Esta noche se revuelve en su catre. No descansa, no duerme, analizando los pormenores del sumario, los detalles sobre los que Fernando le puso en antecedentes, y así elucubra de cómo se desarrollará la vista. A eso de la mitad de la madrugada se deja llevar por el cansancio, entrando en un sopor onírico intranquilo, para aperturar los ojos a las 7 de la mañana de manera brusca. Se endereza, aparta las sábanas y se desliza por la escalera de la litera al suelo. Entra en la ducha y acciona el resorte del agua: lo amarra con el clip característico, que a guisa de tope, impide que el agua deje de fluir cada diez segundos. 

Después se seca, con tranquilidad aparente. Mira a su compi. Cesárea duerme y aunque no vea su cara, su respiración densa la delata. Se pinta frente al espejo, empolva sus cachetes y peina su pelo. Después comienza a colocarse los trapos escogidos la noche anterior, aunque no hay donde elegir. Es la única muda, la habitual de los grandes acontecimientos, y la mitad de esas prendas prestadas por sus compis, como en las ocasiones anteriores, las de los polvos salvajes de vis a vis. Ahora el único acontecimiento pendiente es el del Juicio.

Cuando a las 8 se abre la puerta, sale, no sin antes oir a sus espaldas:

-Suerte, compi, muita suerte –le dice la compi sin asomar la cara.

-Gracias –responde la colombiana escueta y sin voltear la suya.

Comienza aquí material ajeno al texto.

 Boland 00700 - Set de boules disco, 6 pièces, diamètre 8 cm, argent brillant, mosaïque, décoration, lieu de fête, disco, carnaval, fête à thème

Parte del módulo detrás de la funcionaria por los senderos rodeados de verde. Se fija en un arbolillo que durante el último año y medio ha dejado de serlo para convertirse en árbol. Ha seguido su crecimiento durante este tiempo, a diario, pasando una y otra vez a su vera, fijándose pero sin fijarse. Su subconsciente, sin embargo, ha ido reteniendo ocasión tras ocasión su imagen y desarrollo. Por ello, al pasar ahora junto a él, se sorprende a primera vista de su tamaño, aunque de inmediato cae en la cuenta de no haber abandonado su presencia ninguno de esos casi seiscientos días desde que lo conoció por vez primera.